More interesting to me than the similarities, though, were the differences between the Count and Christ. Far from a picture of forgiveness, the Count is hatred incarnate. Caged by stone and iron, Dantès touches the brink of insanity as he comes to terms with the death of his father and infidelity of his lover, inevitable given the passing of years so numerous that Dantès no longer scrawls them onto his dungeon’s pitiless walls. The man who escapes is no longer Edmond Dantès—and how could he be? Still, this reader mourns the loss of the charming, likable boy from Marseilles. In his place, we have the Count of Monte Cristo. This is a man who smirks at the idea of duels, because, though easy to win (the Count was an unrivaled marksman) they deliver a mere bullet to the head, a punishment far too lenient for someone who bears deep, essential suffering. This is a man who exhibits the finest manners in Paris’s elite drawing rooms, but also owns slaves and speaks crassly of them. Monte Cristo compares Ali, his obedient Nubian slave who had had his tongue cut out by a previous captor, to a dog. Haydée, the daughter of a legendary Ottoman Pasha, is likened by the Count at various times in the book, or all at once, to a slave, a daughter, a sister, and a wife. Finally, this is a man who exacts a revenge so crushing, upon guilty and innocent alike, that Monte Cristo has to re-visit the Chateau D’If to steel his resolve so that he won’t succumb to mercy.

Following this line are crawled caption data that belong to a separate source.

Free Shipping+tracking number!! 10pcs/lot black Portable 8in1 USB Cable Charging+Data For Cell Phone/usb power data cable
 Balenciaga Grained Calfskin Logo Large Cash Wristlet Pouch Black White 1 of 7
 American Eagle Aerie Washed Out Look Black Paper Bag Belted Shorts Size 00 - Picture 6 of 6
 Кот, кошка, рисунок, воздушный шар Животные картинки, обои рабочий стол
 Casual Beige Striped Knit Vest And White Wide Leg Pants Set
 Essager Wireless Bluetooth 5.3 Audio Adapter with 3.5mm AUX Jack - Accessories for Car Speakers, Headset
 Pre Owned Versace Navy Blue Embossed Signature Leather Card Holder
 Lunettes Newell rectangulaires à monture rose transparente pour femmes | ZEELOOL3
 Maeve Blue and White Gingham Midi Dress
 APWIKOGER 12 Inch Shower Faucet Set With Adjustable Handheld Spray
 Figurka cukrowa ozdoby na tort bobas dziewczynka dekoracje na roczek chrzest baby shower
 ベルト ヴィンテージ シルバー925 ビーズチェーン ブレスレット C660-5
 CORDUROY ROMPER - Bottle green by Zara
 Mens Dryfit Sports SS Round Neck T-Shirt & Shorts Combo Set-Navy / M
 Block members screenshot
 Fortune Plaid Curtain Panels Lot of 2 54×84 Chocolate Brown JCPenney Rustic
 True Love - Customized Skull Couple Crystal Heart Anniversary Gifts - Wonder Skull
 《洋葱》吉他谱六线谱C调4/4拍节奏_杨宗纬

Monte Cristo is a self-proclaimed agent of Providence, submitting to and carrying out the will of God. Yet he admits that, at times, he considered himself, like Satan did, to be an equal of God, rather than a subordinate. And throughout much of the text, at least the people around Monte Cristo view him as a God-like figure. He seems to possess infinite wealth and infinite power; he has a mysterious ability to deliver both life and death. Indeed, he often appears to be less an agent of God and more a rival. Perhaps most interesting of all is that these two are difficult to distinguish.
On further reflection, both possibilities seem to be at odds with Christian thought. If Monte Cristo were an agent of God, then that God would have to be perfectly just, and exacting, and, by consequence, merciless. However, the Christian God seems to embody love, but not necessarily justice. We’ve seen in Christian literature, for instance, that wrongs are often not righted. It requires some suspension of disbelief on the part of the reader to grant that the Count is acting only according to the will of God, and not according to his own wishes.
The second possibility is also difficult to reconcile. The idea that the Count could rise up to equal God, and succeed, seems decidedly at odds with Christianity. In fact, it resembles Raskolnikov’s private musings in Crime and Punishment. The difference between these two texts, of course, is that the Count is successful. Perhaps The Count of Monte Cristo, though on its face a Christian-leaning work, should be re-evaluated as such.
We should entertain a third possibility. Both of the first two possibilities—that either God, or a man, could exact pure, perfect revenge—seem fantastical. And perhaps fantasy is exactly what they are. Dumas may have written The Count to illustrate the implausibility of perfect revenge. Perhaps Dantès’s visions of greatness were as illusory as Raskolnikov’s. To take this even further: what if if Edmond Dantès never left the Chateau D’If? What if the entirety of The Count was a dream, carried out in the mind of Dantès as he lay dying on his dungeon floor? What if, after the Count sailed off into the sunset in the book’s happy ending, Dumas omitted, but nonetheless imagined, the words “…and then he woke up?” But this is a possibility too horrible to even imagine.